- Problem statement
Write the data out again exactly, dropping any images it holds.
Content starts
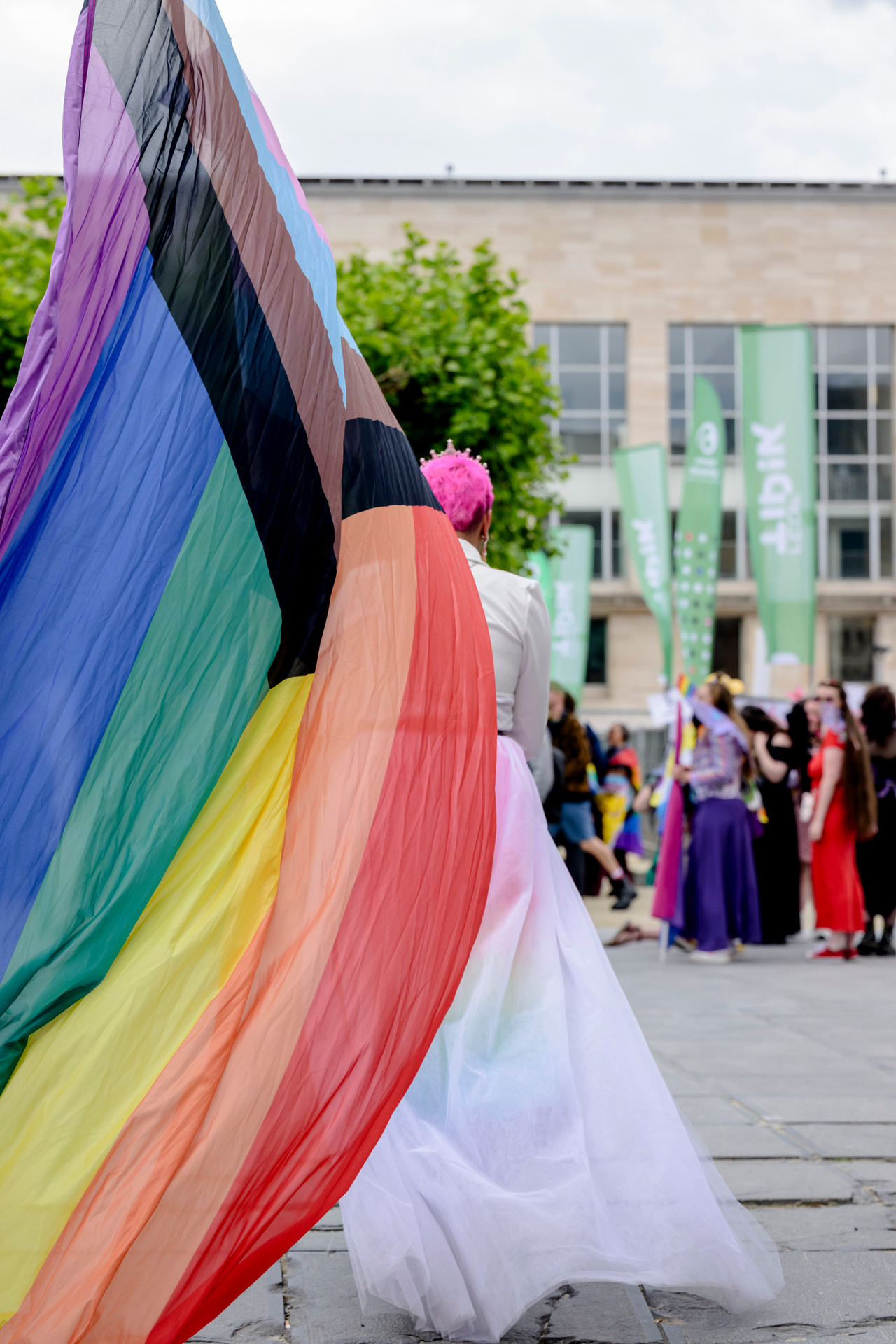 Bruxelles, 16/05/2026 - La pride fête ses 30 ans: Trente ans de luttes, de fierté et de visibilisation de la communauté LGBTQIA+. Le thème choisi pour 2026 reflète les enjeux d'un monde sous tension : When Times Get Darker, We Shine Brighter. Un message puissant et fédérateur, plus nécessaire que jamais dans un contexte international troublé où les droits de la communauté LGBTQIA+ sont constamment remis en cause.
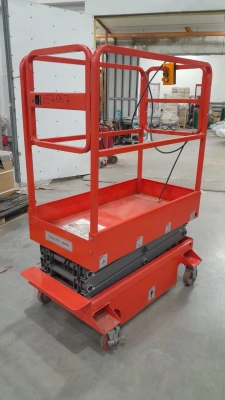 Подъемник ножничный передвижной 500 кг 12/14 м TOR SJY-0,5-12 DC аккумуляторный по ценам производителя в Москве с доставкой по всей России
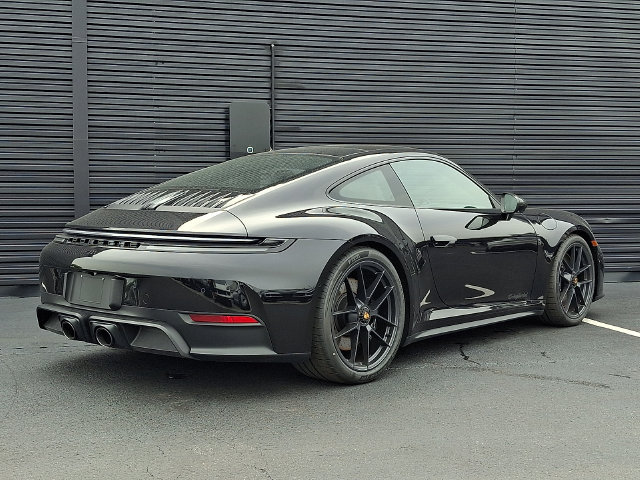 Certified 2026 Porsche 911 Carrera GTS RWD image 7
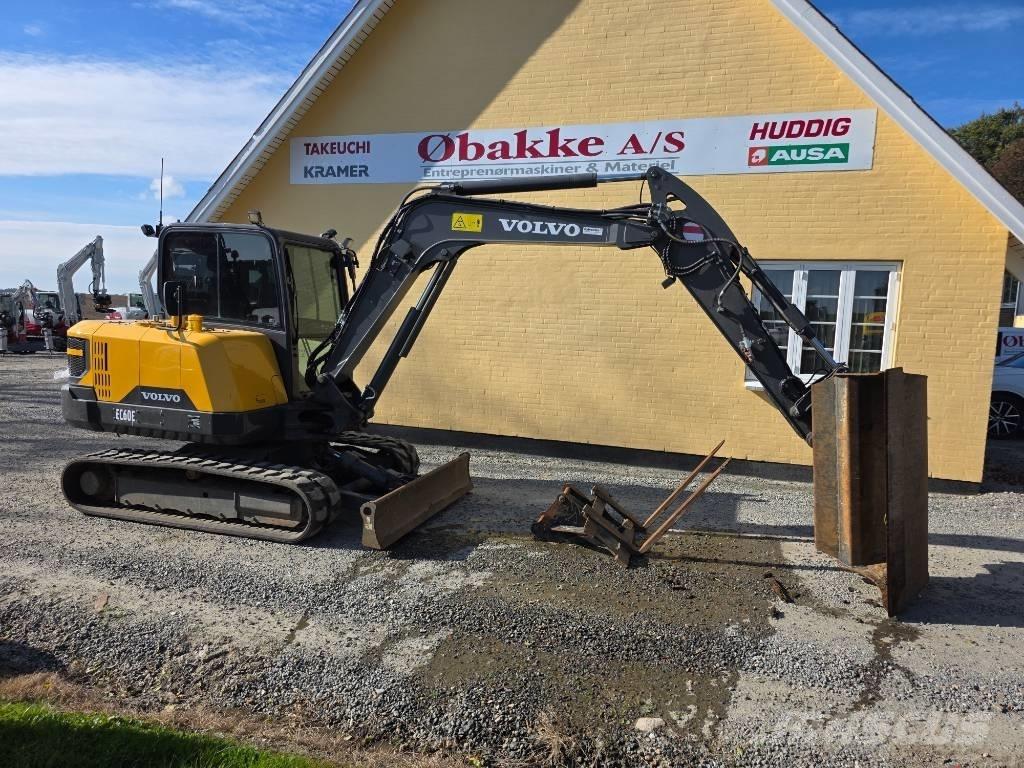 Volvo EC60E 中型油圧ショベル 7ｔ-12ｔ（ユンボ・パワーショベル・バックホー）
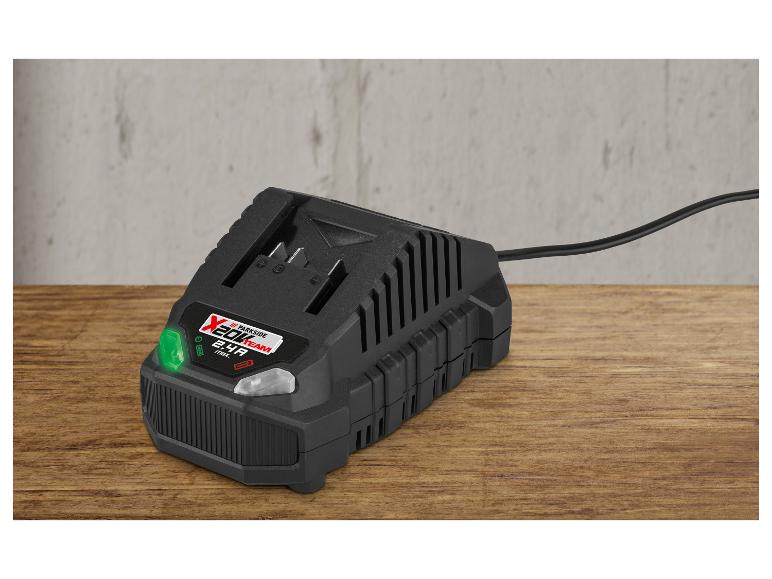 Parkside X 20V Team 2.4A max. acculader op een houten ondergrond.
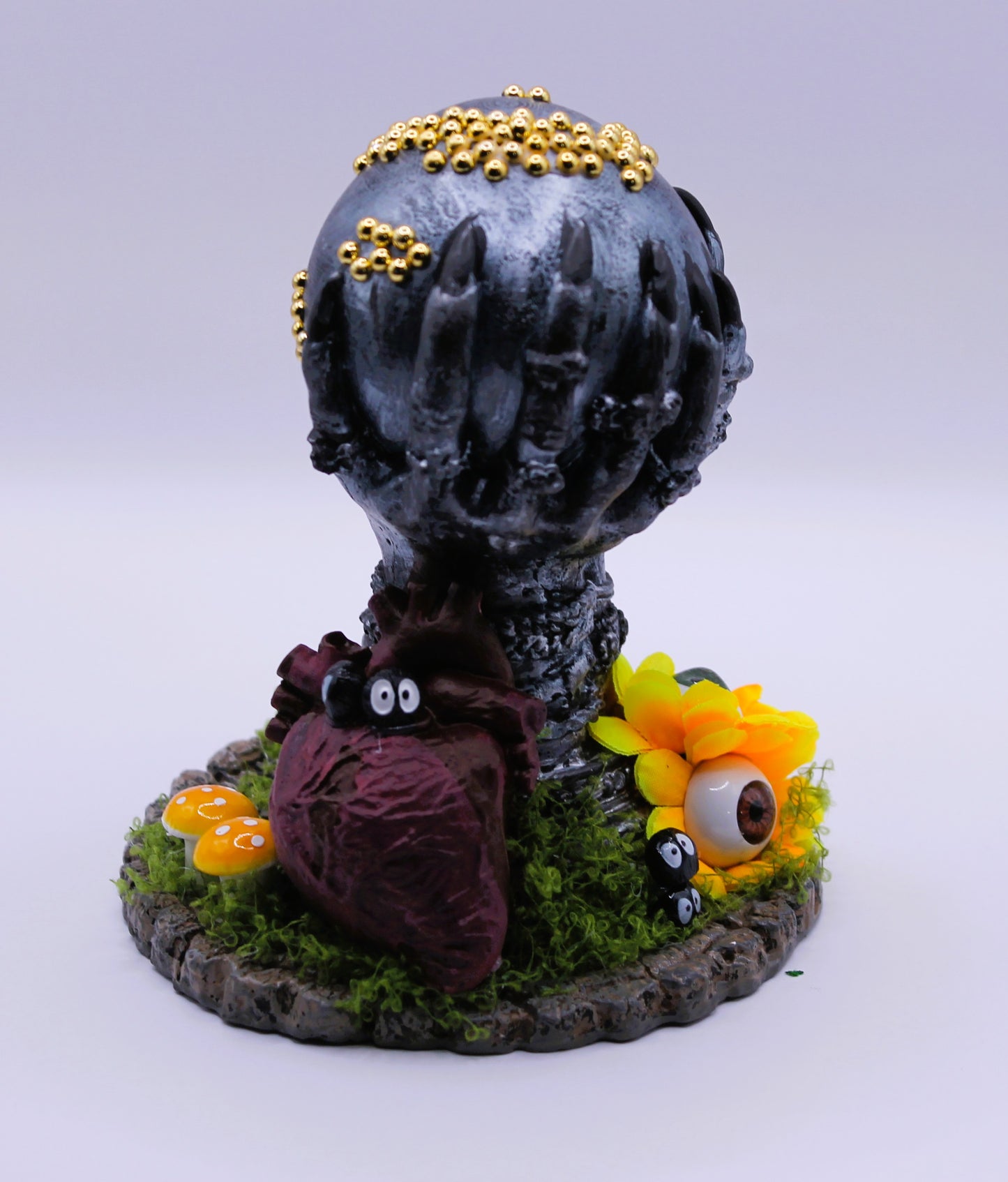 The Collector’s Curse magic ball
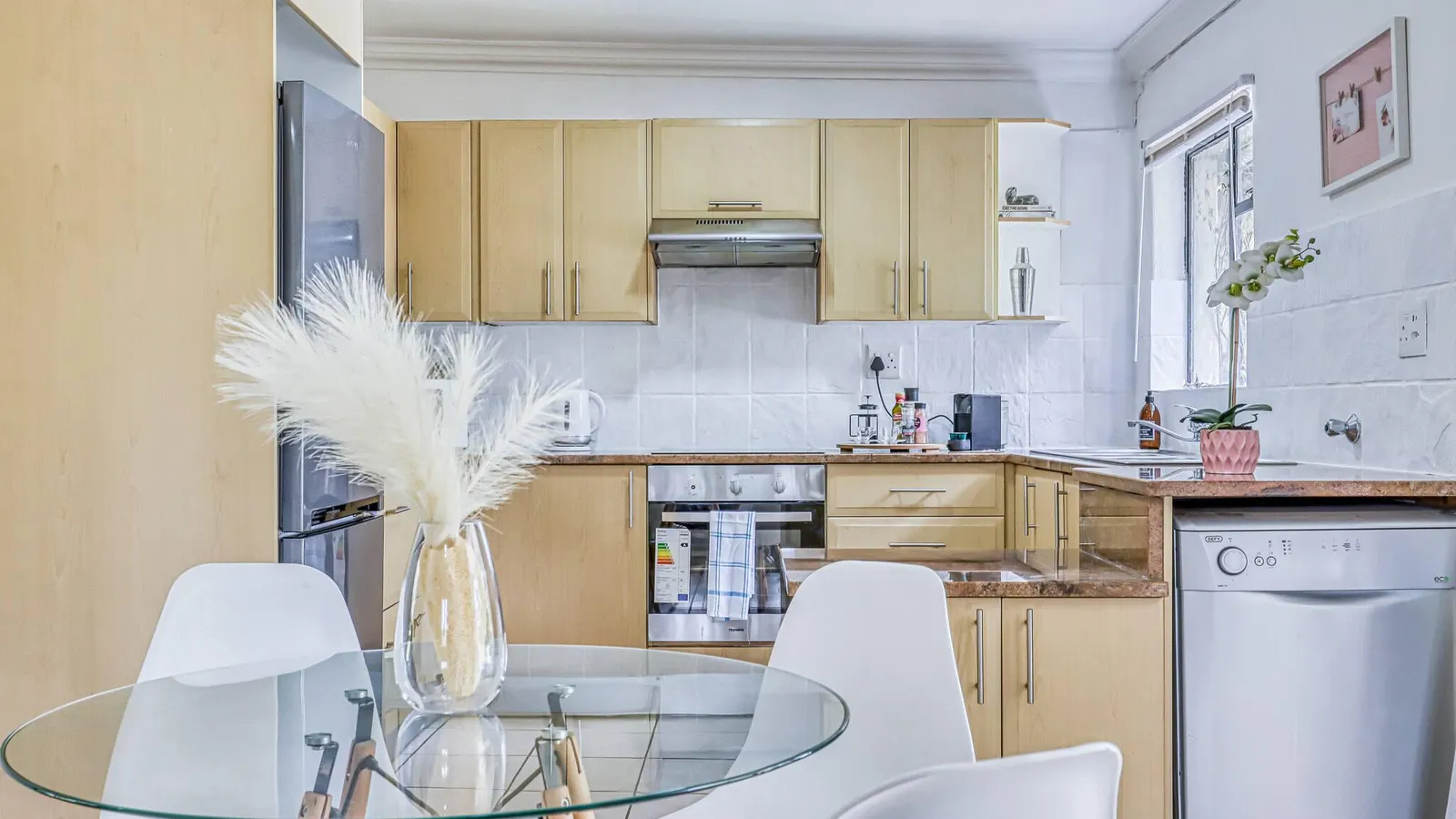 The Cottage-1 Bed-pool-bbq-fibre-solar-samrand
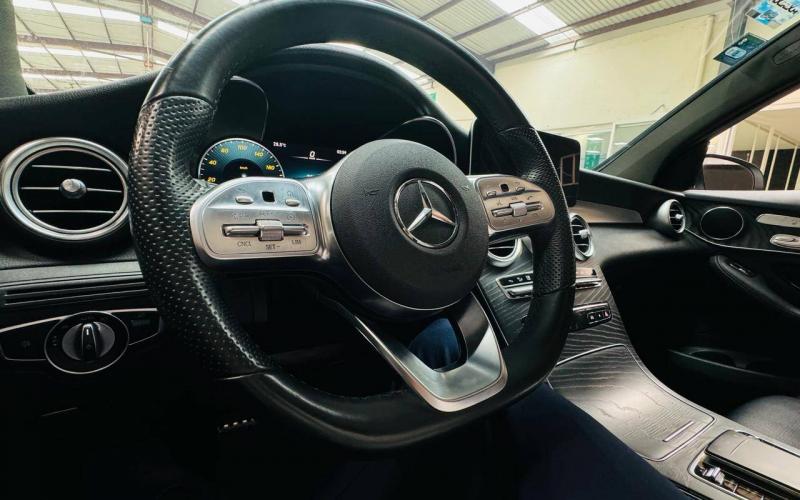 Mercedes Benz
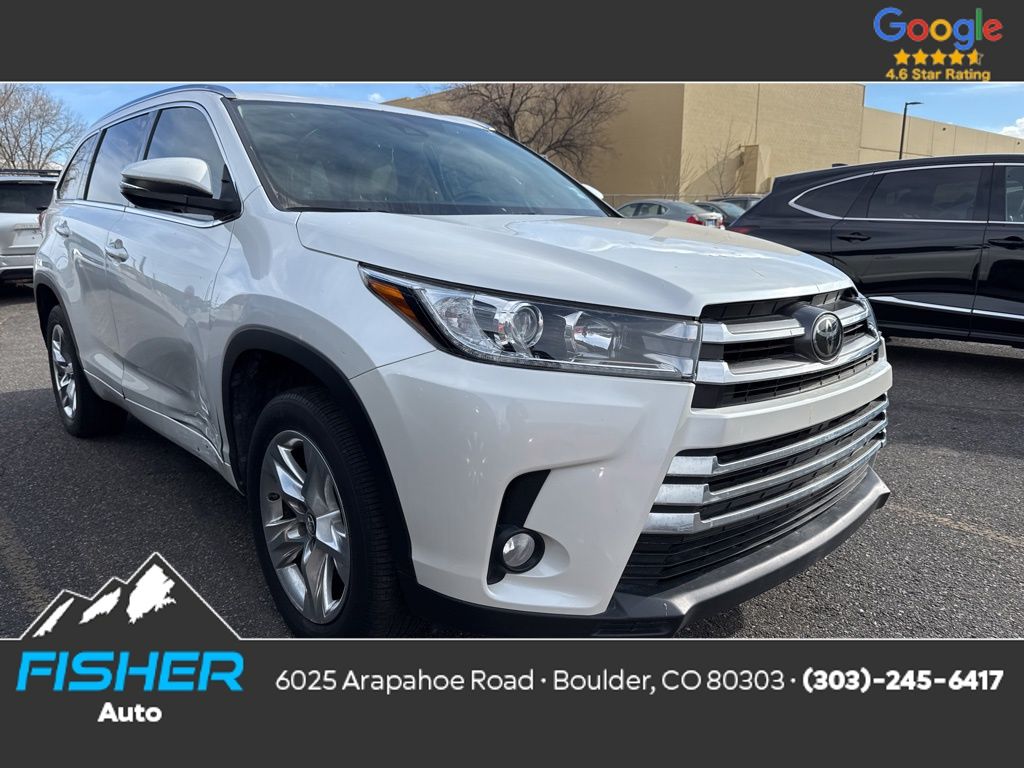 2017 Toyota Highlander Limited's photo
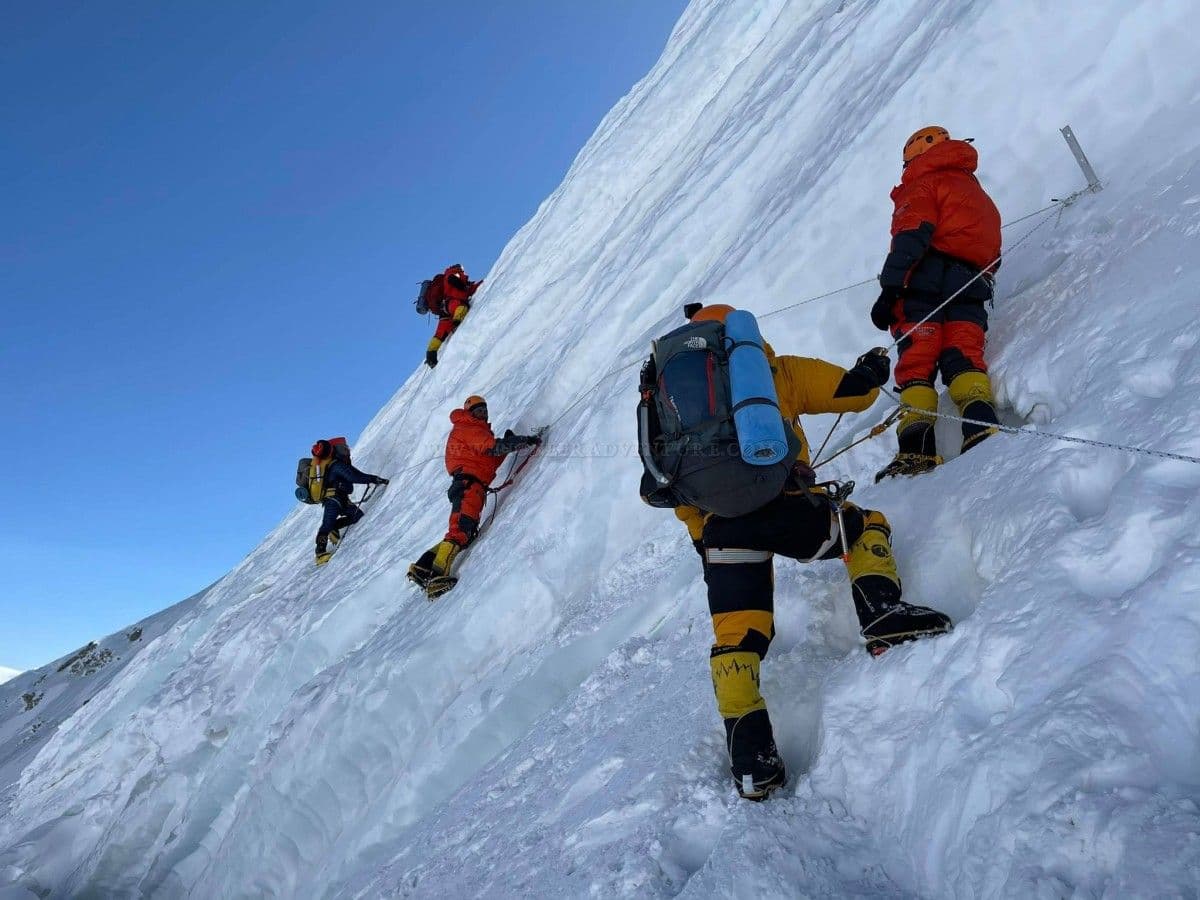 Annapurna 2.jpg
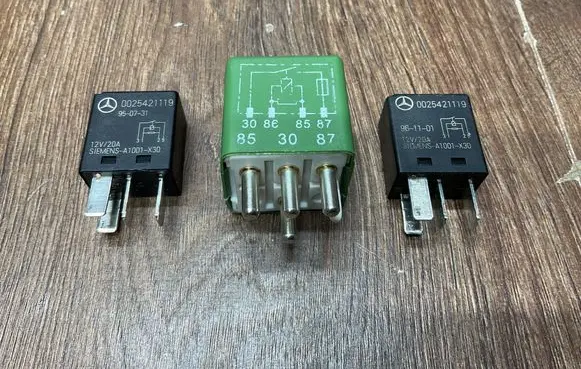 Mercedes-Benz SL AMG R129 Other relay 853087 0025421119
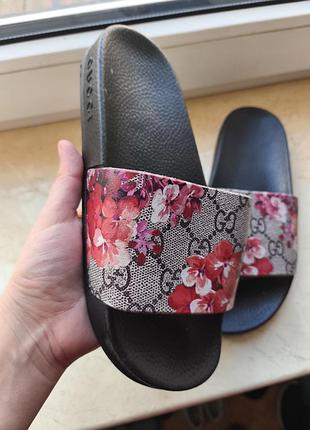 Жіночі шльопанці gucci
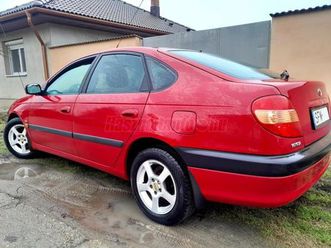 toyota avensis 1.8 linea terra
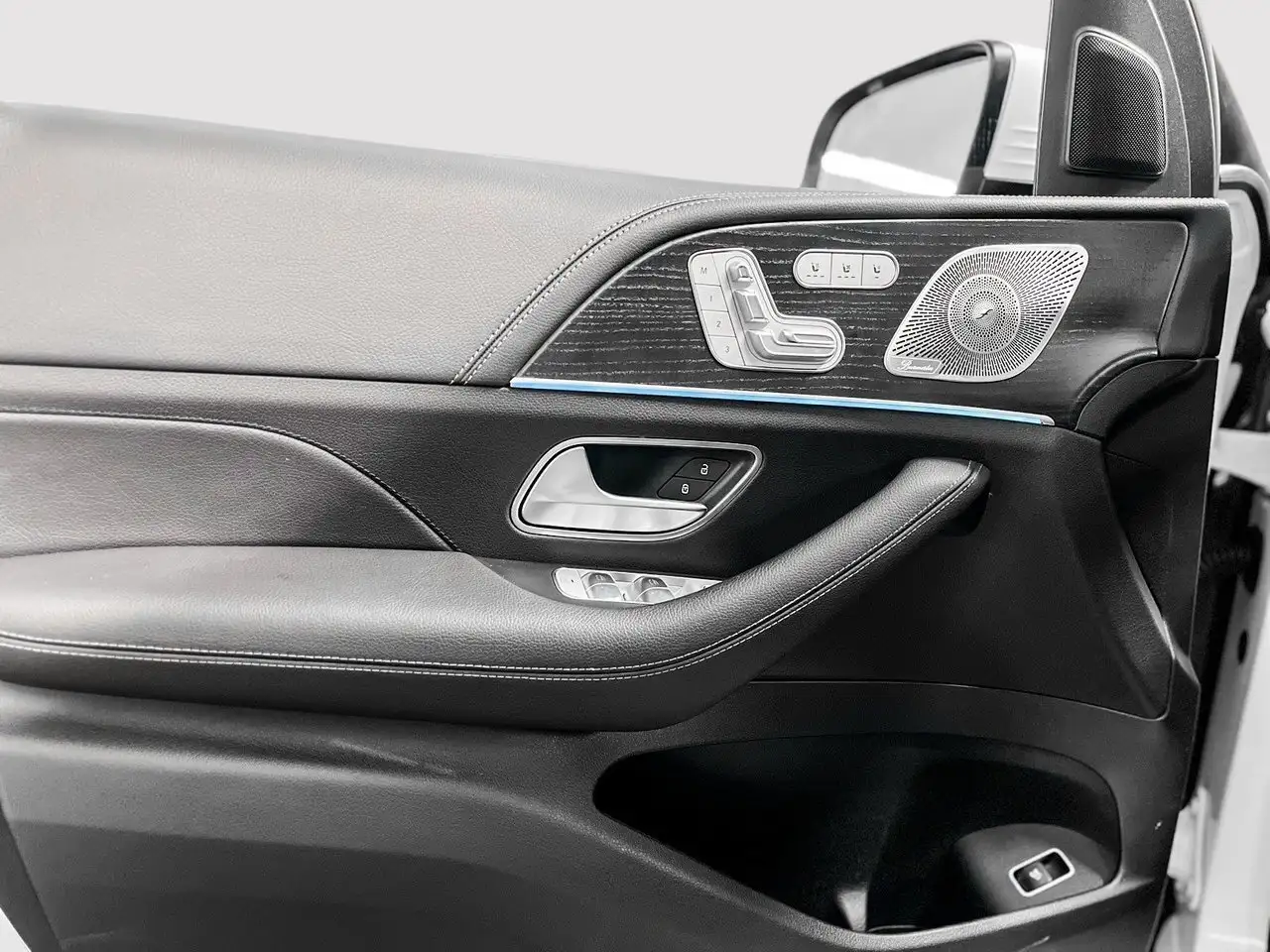 Mercedes-Benz GLE снимка Mercedes-Benz GLE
Content ends
- Response area
 Bruxelles, 16/05/2026 - La pride fête ses 30 ans: Trente ans de luttes, de fierté et de visibilisation de la communauté LGBTQIA+. Le thème choisi pour 2026 reflète les enjeux d'un monde sous tension : When Times Get Darker, We Shine Brighter. Un message puissant et fédérateur, plus nécessaire que jamais dans un contexte international troublé où les droits de la communauté LGBTQIA+ sont constamment remis en cause.
 Подъемник ножничный передвижной 500 кг 12/14 м TOR SJY-0,5-12 DC аккумуляторный по ценам производителя в Москве с доставкой по всей России
 Certified 2026 Porsche 911 Carrera GTS RWD image 7
 Volvo EC60E 中型油圧ショベル 7ｔ-12ｔ（ユンボ・パワーショベル・バックホー）
 Parkside X 20V Team 2.4A max. acculader op een houten ondergrond.
 The Collector’s Curse magic ball
 The Cottage-1 Bed-pool-bbq-fibre-solar-samrand
 Mercedes Benz
 2017 Toyota Highlander Limited's photo
 Annapurna 2.jpg
 Mercedes-Benz SL AMG R129 Other relay 853087 0025421119
 Жіночі шльопанці gucci
 toyota avensis 1.8 linea terra
 Mercedes-Benz GLE снимка Mercedes-Benz GLE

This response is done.